2. The learned Sixth Presidency Magistrate (as he then was) questioned the accused-petitioners under Section 242, Cr.P.C., to show cause why they should not be convicted. The two petitioners denied the offence and pleaded not guilty. Thereafter, the statutory duty enjoined on the Magistrate is to proceed to hear the complainant and take all such evidence as may be produced in support of the prosecution and also to hear the accused and take all such evidence as they produce in their defence, under Section 244 of the Code of Criminal Procedure. If there is no admission on the part of the petitioners entailing a conviction in terms of Section 243, Cr. P. C, the inevitable duty of the Magistrate is to record evidence under Section 244, Cr.P.C. The Code does not warrant the subsequent admission of guilt on the part of the petitioners, when once there is a denial of the offence, under Section 242, Cr.P.C.

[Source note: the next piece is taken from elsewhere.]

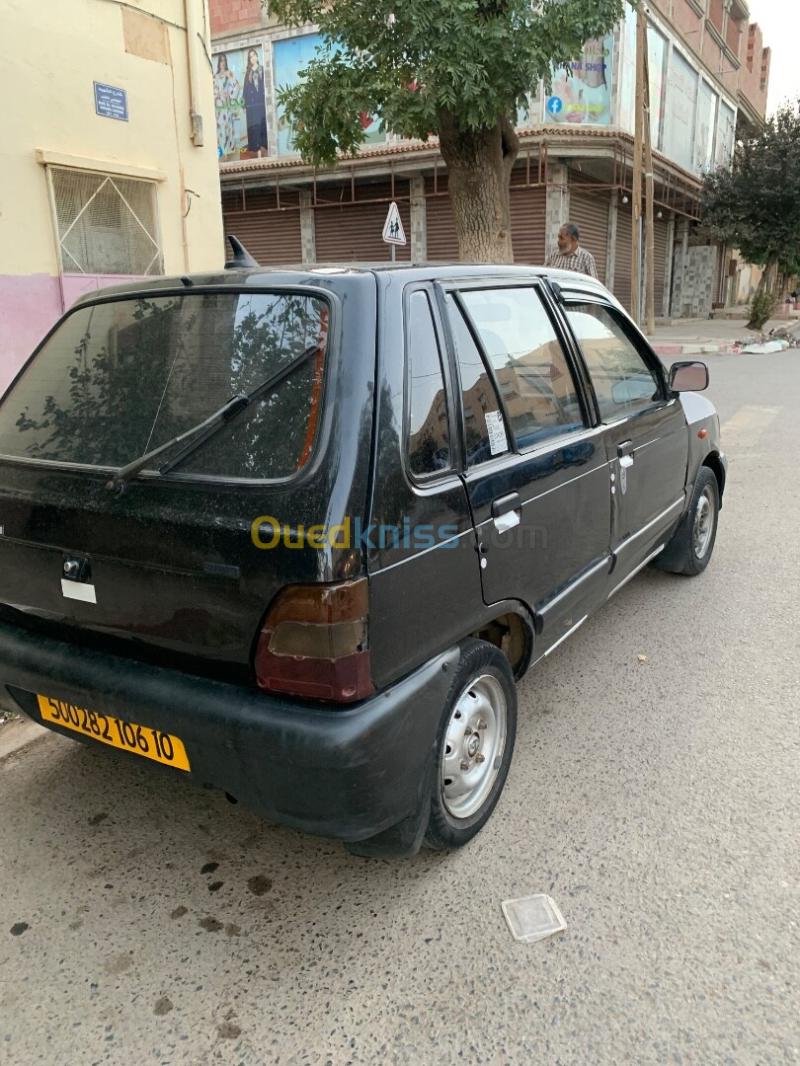 Suzuki Maruti 800 2006 Maruti 800 2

3. Clearly, the procedure followed by the learned Magistrate is opposed to law. This view of mine derives strength from the two decisions reported in M. Kuppuswami in re and Latha In re, (Cri. R. C. No. 1158 of 1972 of this Court -judgment, D/- 17-1-1974 (Mad.).
4. The revision petition is allowed. The convictions and sentences awarded against the two petitioners are set aside. The fine amounts, if paid, will be refunded to the petitioners.